To some, aggressive Justice Dept. stance looks like step back


Associated Press

WASHINGTON

For three decades, America got tough on crime.

Police used aggressive tactics and arrest rates soared. Small-time drug cases clogged the courts. Vigorous gun prosecutions sent young men away from their communities and to faraway prisons for long terms.

But as crime rates dropped since 2000, enforcement policies changed. Even conservative lawmakers sought to reduce mandatory minimum sentences and to lower prison populations, and law enforcement shifted to new models that emphasized community partnerships over mass arrests.

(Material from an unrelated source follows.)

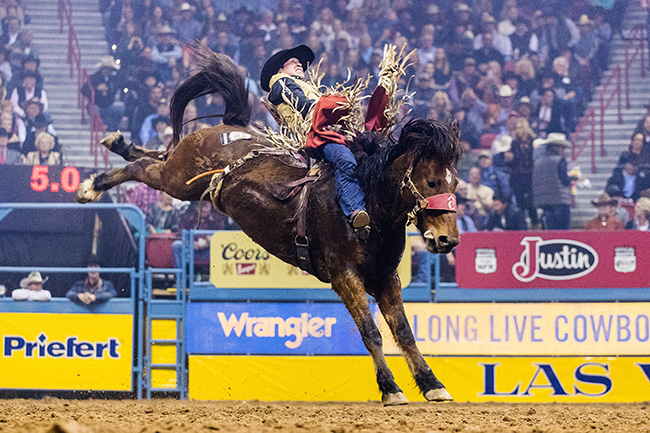 Ty Breuer spurs Pete Carr Pro Rodeo's Dirty Jacket for 86.5 points to place during Saturday's 10th round to close out his best Wrangler National Finals Rodeo. (TODD BREWER PHOTO)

Attorney General Jeff Sessions often reflects fondly on the tough enforcement strategies of decades ago and sees today’s comparatively low crime rates as a sign they worked. He is preparing to revive some of those practices even as some involved in criminal justice during that period have come to believe those approaches went too far, for too long.

“In many ways with this administration we are rolling back,” said David Baugh, who worked as a federal prosecutor in the 1970s and 1980s before becoming a defense lawyer in Richmond, Va. “We are implementing plans that have been proven not to work.”

Sessions, who cut his teeth as a federal prosecutor in Mobile, Ala., at the height of the drug war, favors strict enforcement of drug laws and mandatory minimum sentences.

He says a recent spike in violence in some cities shows the need for more aggressive work. The Justice Department said there won’t be a repeat of past problems.

“The field of criminal justice has advanced leaps and bounds in the past several decades,” spokesman Ian Prior said. “It is not our intention to simply jettison every lesson learned from previous administrations.”

Sessions took another step back from recent practices when the Justice Department announced last week that it might back away from federal agreements that force cities to agree to major policing overhauls. His concern is that such deals might conflict with his crime-fighting agenda.